(Captioned web image data)
────────────────
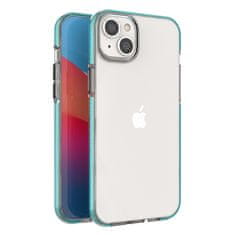 OEM Spring silikonové pouzdro s barevným lemem na iPhone 14 PLUS 6.7" Light blue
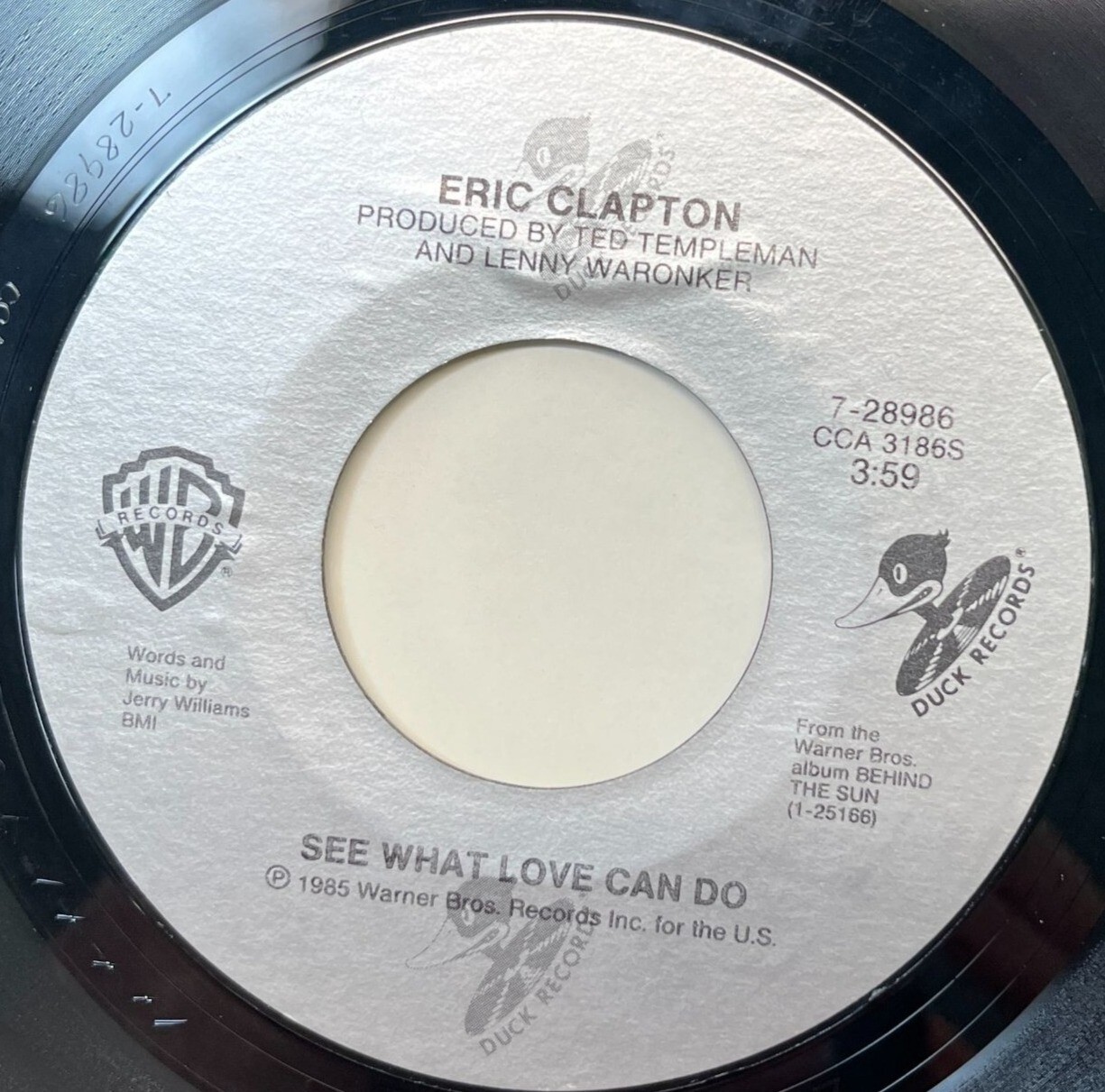 Eric Clapton See What Love Can Do / Shes Waiting 45 Classic Rock 1980s Vinyl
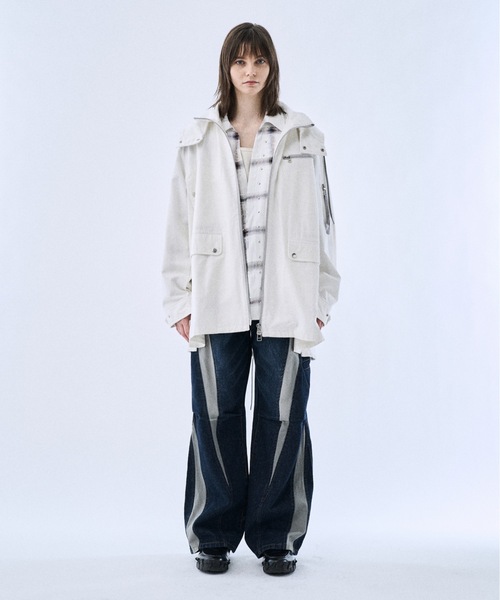 PHILTHEORY パーカー Back graphic military parka / バック
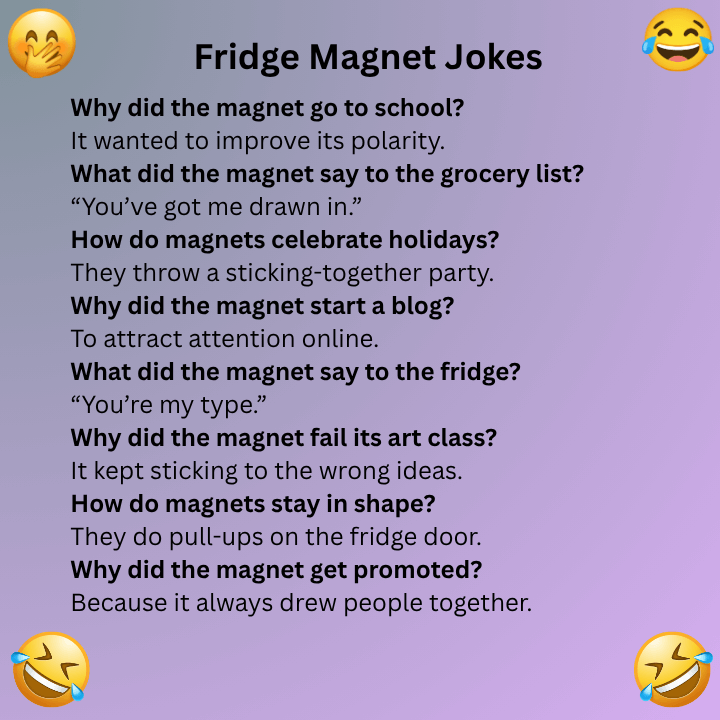 Fridge Magnet Jokes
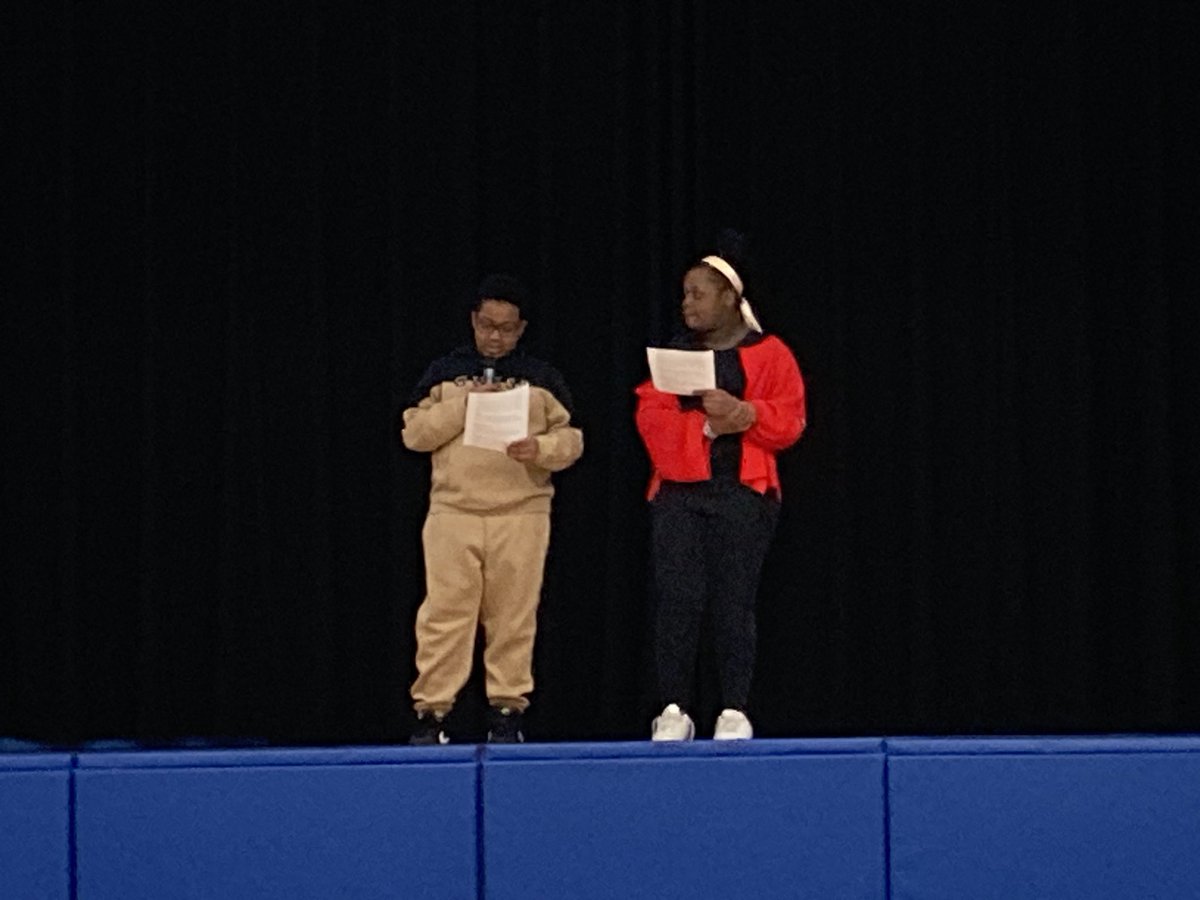 CorlissPDSB's tweet photo. There was so much joy today as we closed out #BlackHistoryMonth with our Black History Museum and Assembly. A huge thank you to Ayanna, Keith, Venice &amp; Danette for a great performance! A shout out to our two awesome grade 5 MCs  @CorlissPDSB @PeelSchools https://t.co/nAeoPPILGt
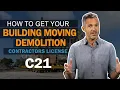 How To Get Building Moving Demolition Contractors License C21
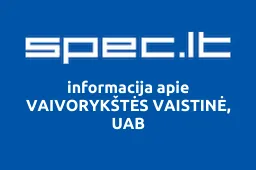 VAIVORYKŠTĖS VAISTINĖ, UAB | spec.lt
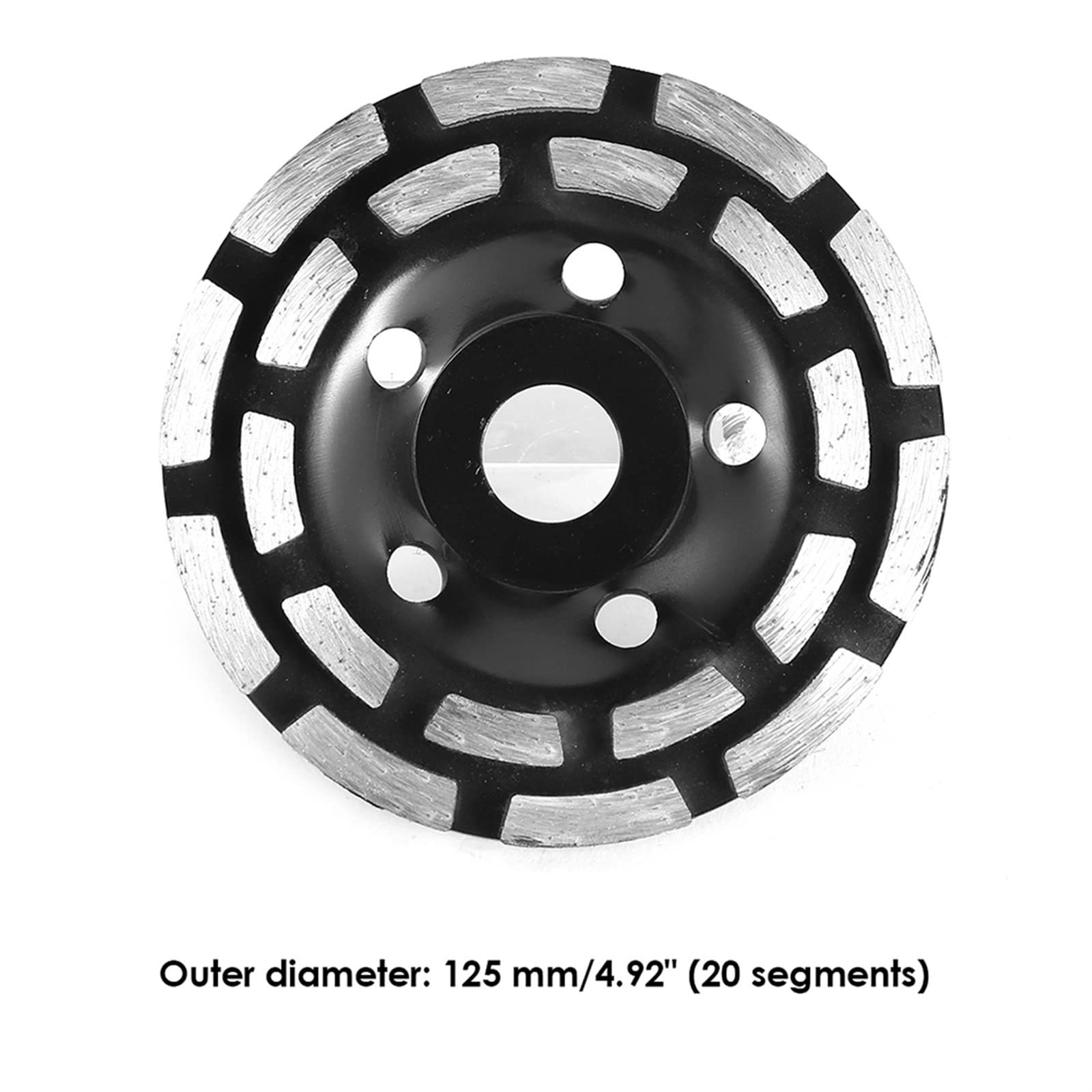 Szlifowanie 115/125/180mm Segment diamentowy Szlifowanie Koło garnkowe Dwurzędowe kamienne cegły Szlifierka do płytek Beton granitowy Kamień Ceramika Narzędzia koła (Rozmiar: 115mm) (Color : 1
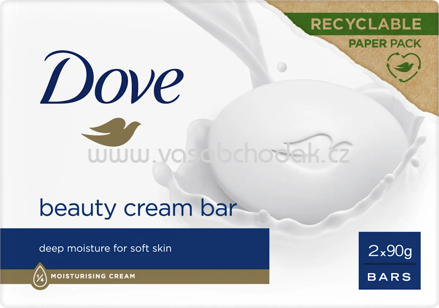 Dove Seifenstück beauty cream, 2x90 g, 180 g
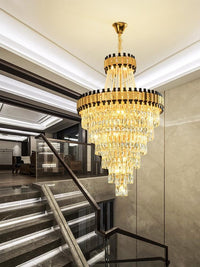 Gold Staircase Crystal Chandelier CL8166
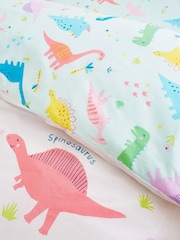 Catherine Lansfield Pink Dinosaur Friends Reversible Duvet Cover Set - Image 4 of 4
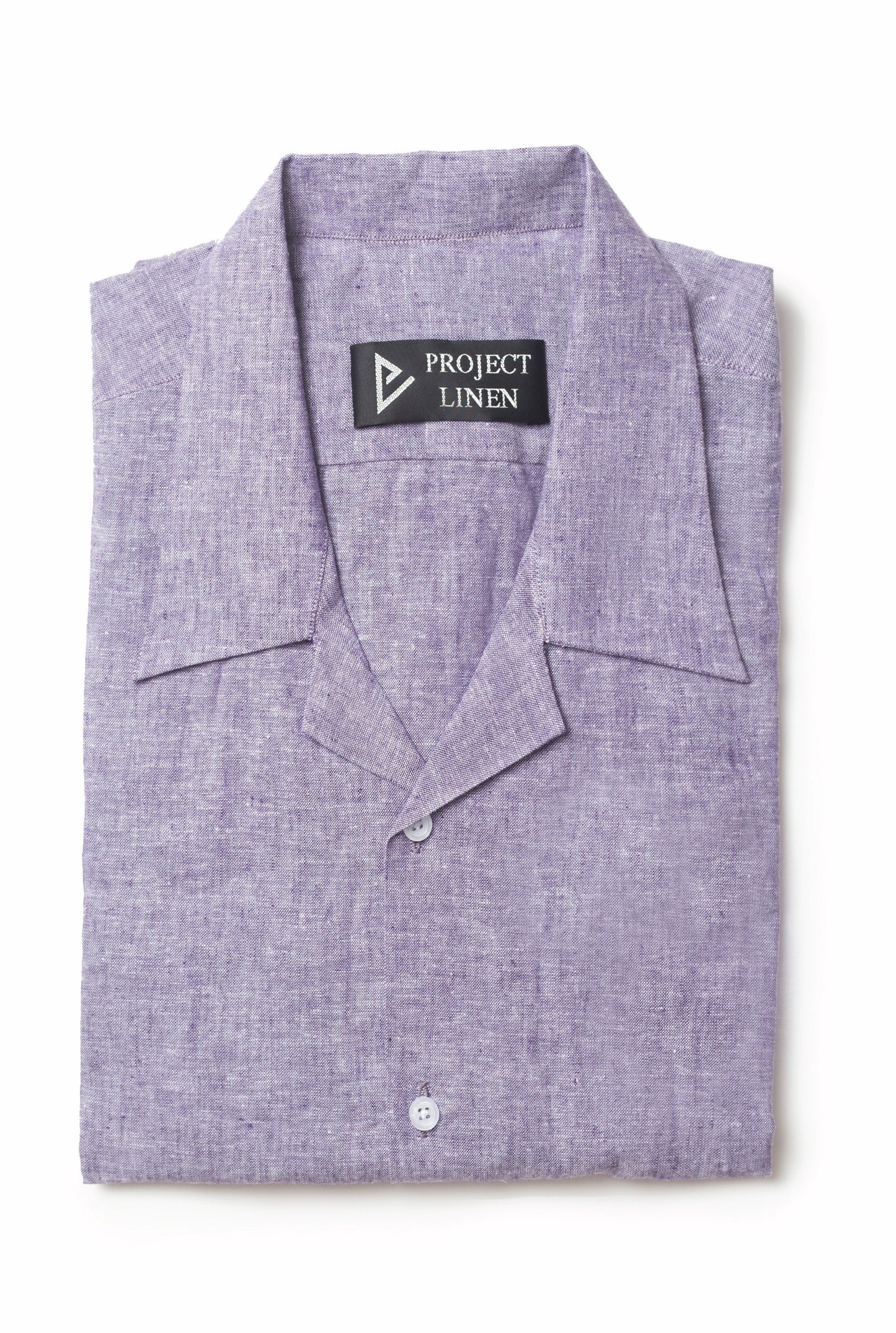 Iris Purple Cuban Linen Shirt - Her's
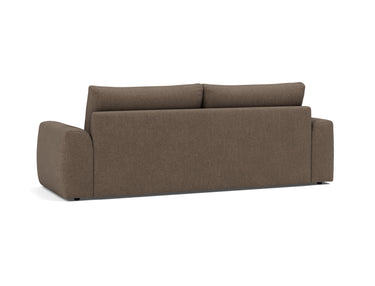 Norum sovesofa med Chunky armlæn i 411 Esina Cedar Brown, set skråt bagfra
────────────────
Task details: If a picture sits between the line containing "Szlifowanie 115/125/180mm Segment" and the line containing "Dove Seifenstück beauty cream, 2x90 g, 180 g", leave it out, and return the lines of that range above exactly, both ends included.

Finished exercise:
 Szlifowanie 115/125/180mm Segment diamentowy Szlifowanie Koło garnkowe Dwurzędowe kamienne cegły Szlifierka do płytek Beton granitowy Kamień Ceramika Narzędzia koła (Rozmiar: 115mm) (Color : 1
 Dove Seifenstück beauty cream, 2x90 g, 180 g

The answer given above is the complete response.